[Recorded data]
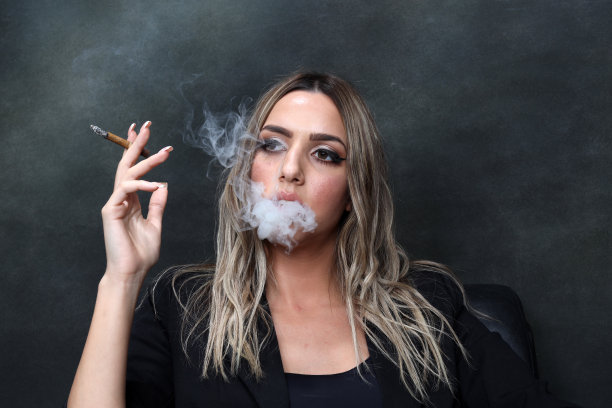 美丽，迷人的金发女孩摆姿势在工作室孤立的背景。图片下载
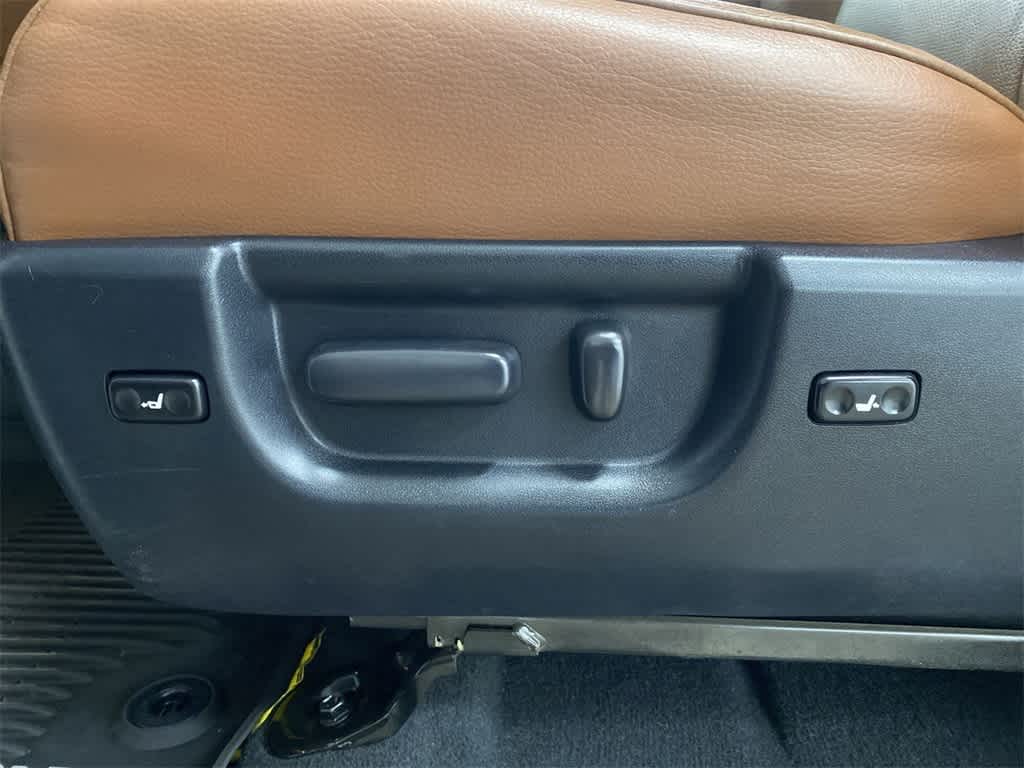 Thumbnail: 2019 Toyota Sequoia - 15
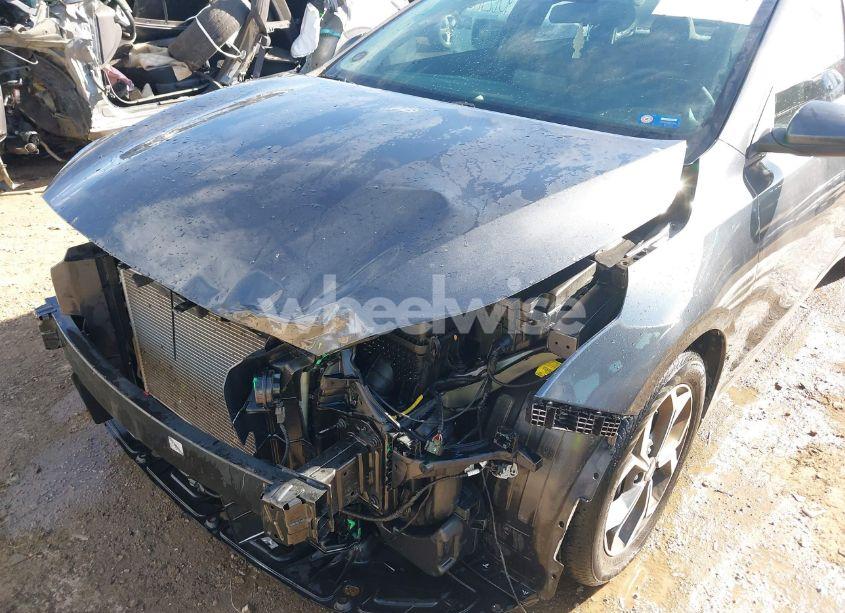 Photo 6 of 2021 Kia Forte LXS (VIN 3KPF24AD7ME265265)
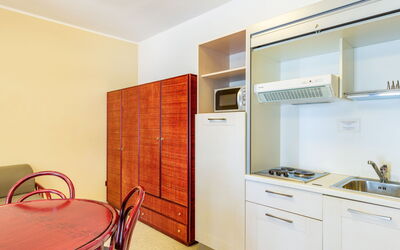 Accommodation:&nbsp;Rina Sea Apartments 600.1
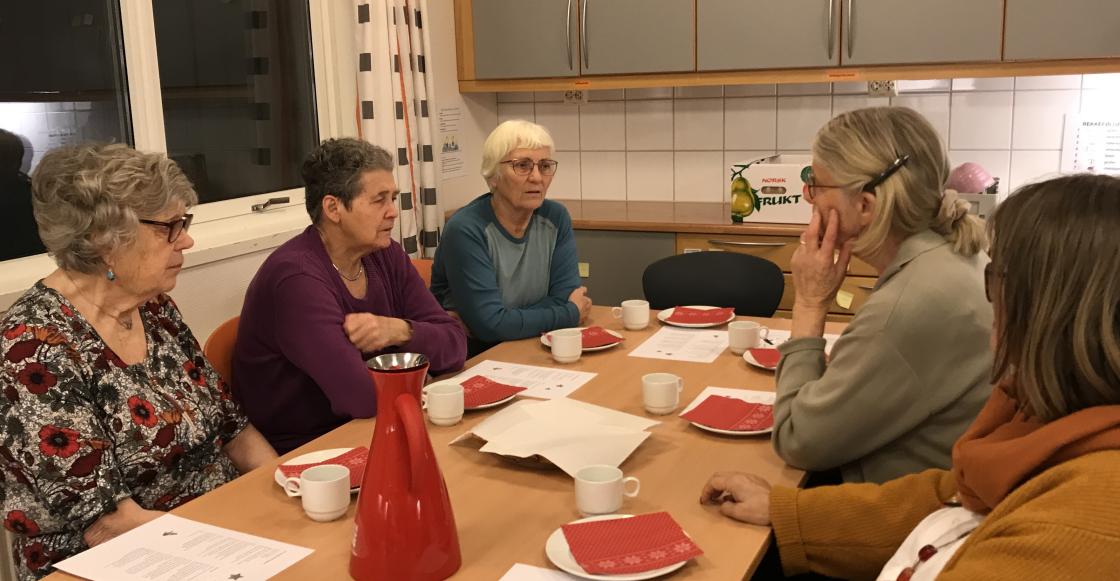 Triveleg prat vart det også.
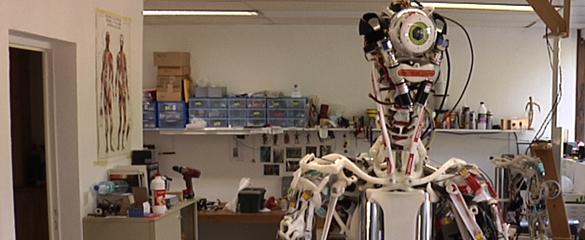 ECCERobot20in20the20studio1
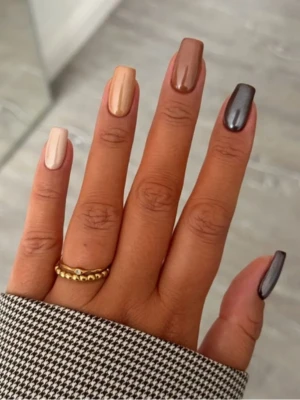 Black-to-Beige Gradient Nail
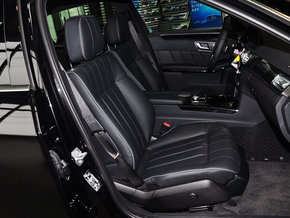 北京奔驰 E320L 副驾驶席座椅45度特写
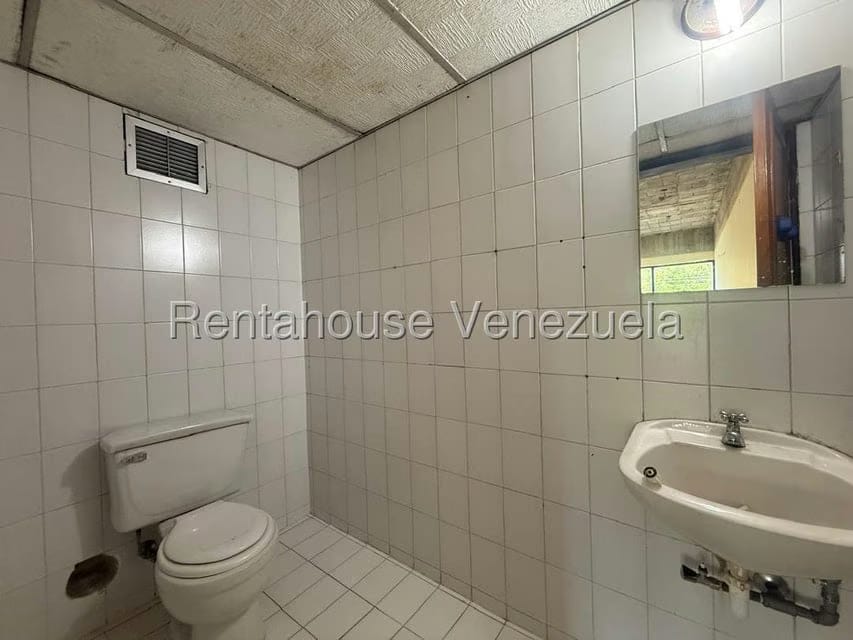 Comercial (Local Comercial) en Alquiler en El Parque, Lara - 11
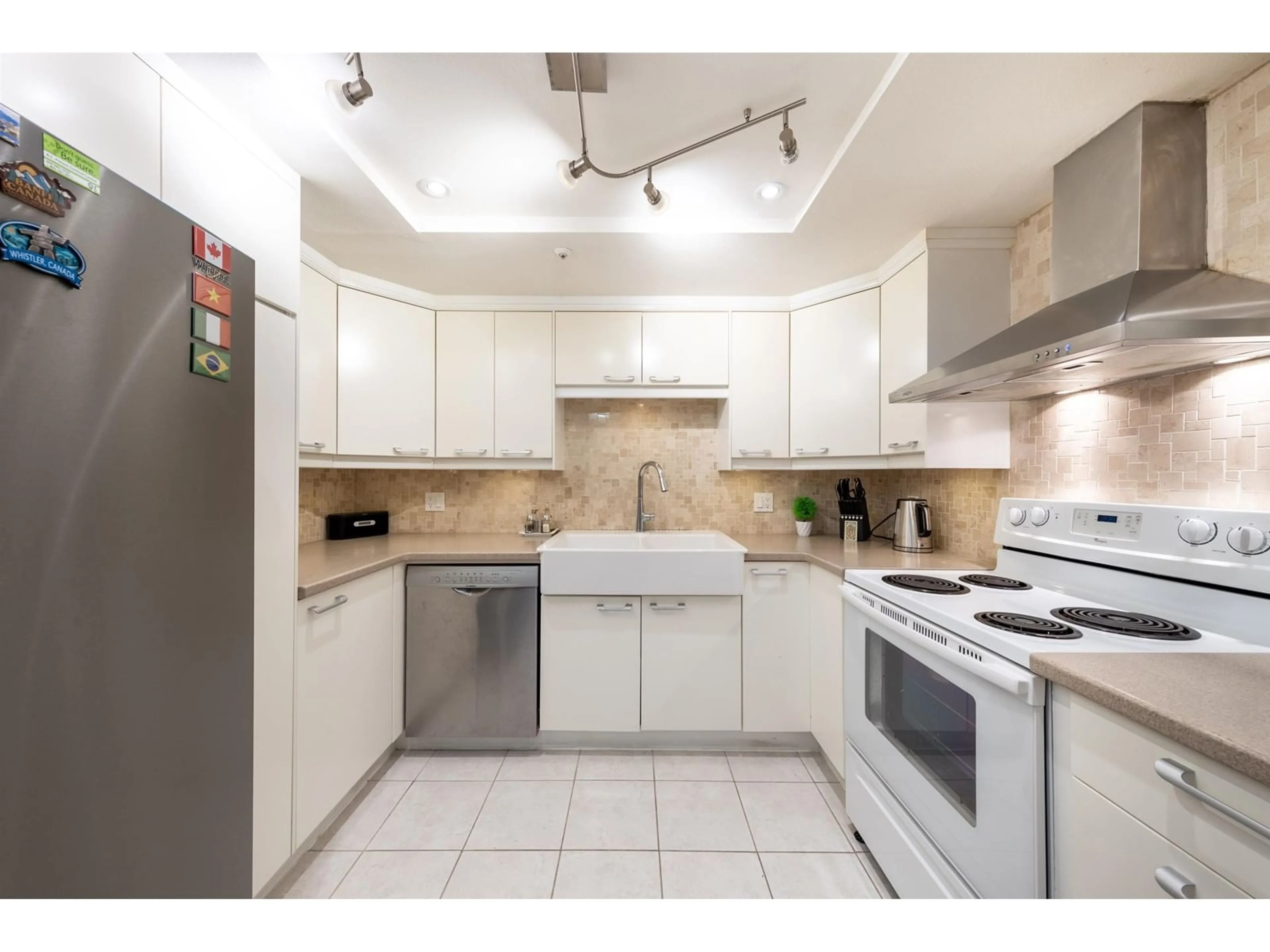 Standard kitchen, ceramic/tile floor for 908 - 13383 108, Surrey British Columbia V3T5T6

[Work order] Beginning at the line that contains "ECCERobot20in20the20studio1", copy each remaining line of the records exactly, through the final one. Omit the pictures.

[Exercise solution]
 ECCERobot20in20the20studio1
 Black-to-Beige Gradient Nail
 北京奔驰 E320L 副驾驶席座椅45度特写
 Comercial (Local Comercial) en Alquiler en El Parque, Lara - 11
 Standard kitchen, ceramic/tile floor for 908 - 13383 108, Surrey British Columbia V3T5T6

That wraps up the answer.